Implementation of SPCA, using variable projection as an optimization strategy.

Usage

spca(X, k = NULL, alpha = 1e-04, beta = 1e-04, center = TRUE,
  scale = FALSE, max_iter = 1000, tol = 1e-05, verbose = TRUE)

Arguments

X

array_like; a real \((n, p)\) input matrix (or data frame) to be decomposed.

k

integer; specifies the target rank, i.e., the number of components to be computed.

alpha

float; Sparsity controlling parameter.
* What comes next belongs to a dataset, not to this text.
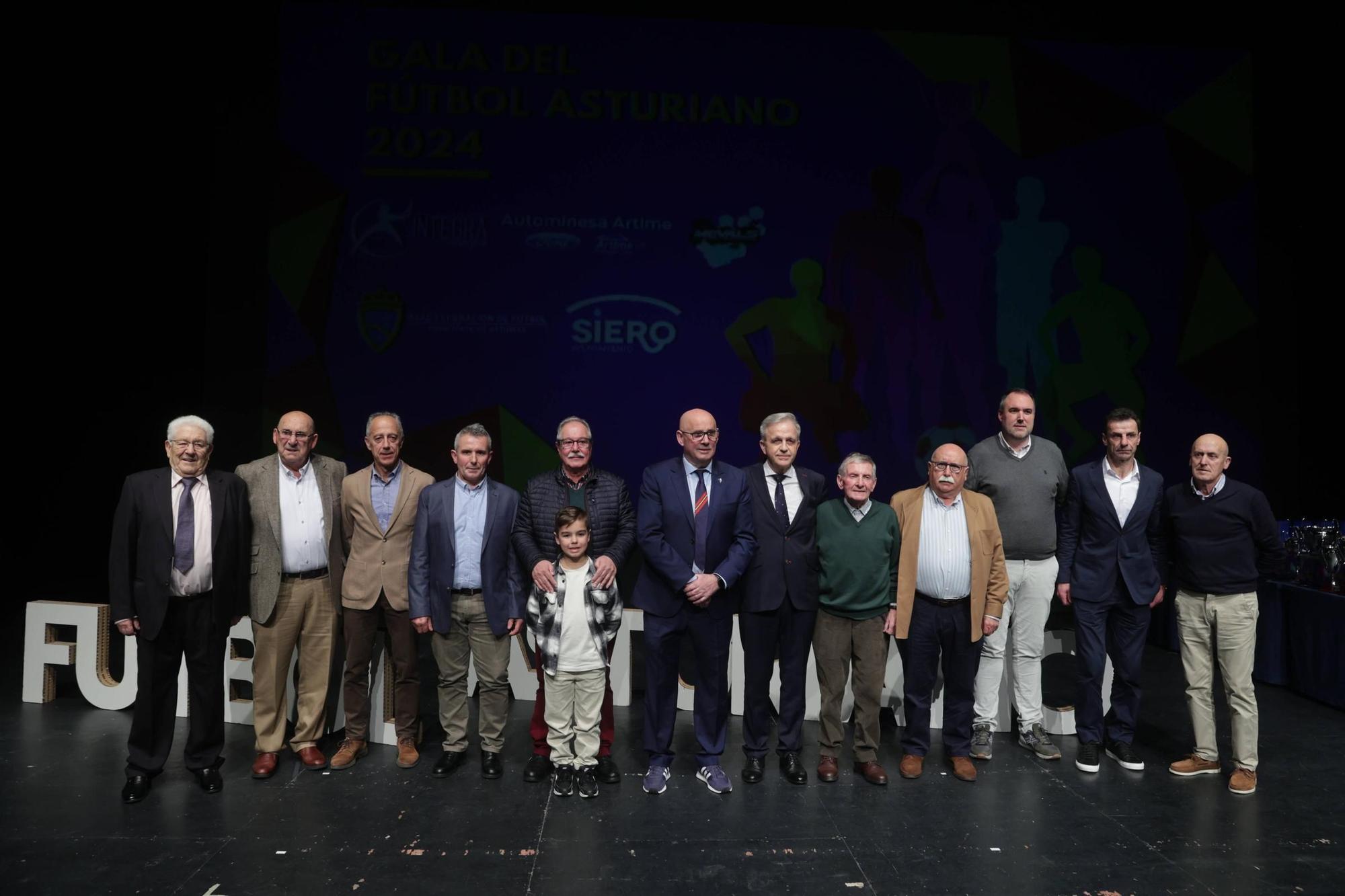 En imágenes, la gala del fútbol que repite en Siero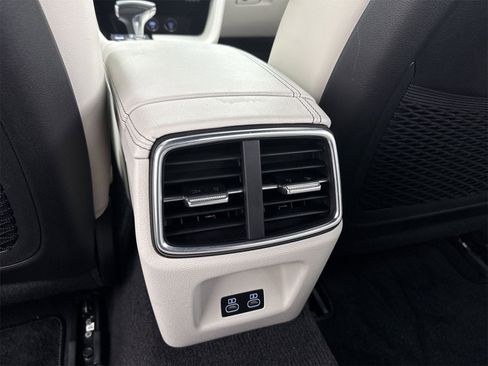 Used 2024 Genesis G70 2.5T image 34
Higher values lead to sparser components.

beta

float; Amount of ridge shrinkage to apply in order to improve conditioning.

center

bool; logical value which indicates whether the variables should be shifted to be zero centered (TRUE by default).

scale

bool; logical value which indicates whether the variables should be scaled to have unit variance (FALSE by default).

max_iter

integer; maximum number of iterations to perform before exiting.

tol

float; stopping tolerance for the convergence criterion.

verbose

bool; logical value which indicates whether progress is printed.

Value

spca returns a list containing the following three components:

loadings

array_like; sparse loadings (weight) vector; \((p, k)\) dimensional array.

transform

array_like; the approximated inverse transform; \((p, k)\) dimensional array.

scores

array_like; the principal component scores; \((n, k)\) dimensional array.

eigenvalues

array_like; the approximated eigenvalues; \((k)\) dimensional array.

center, scale

array_like; the centering and scaling used.

Details

Sparse principal component analysis is a modern variant of PCA. Specifically, SPCA attempts to find sparse weight vectors (loadings), i.e., a weight vector with only a few 'active' (nonzero) values. This approach leads to an improved interpretability of the model, because the principal components are formed as a linear combination of only a few of the original variables. Further, SPCA avoids overfitting in a high-dimensional data setting where the number of variables \(p\) is greater than the number of observations \(n\).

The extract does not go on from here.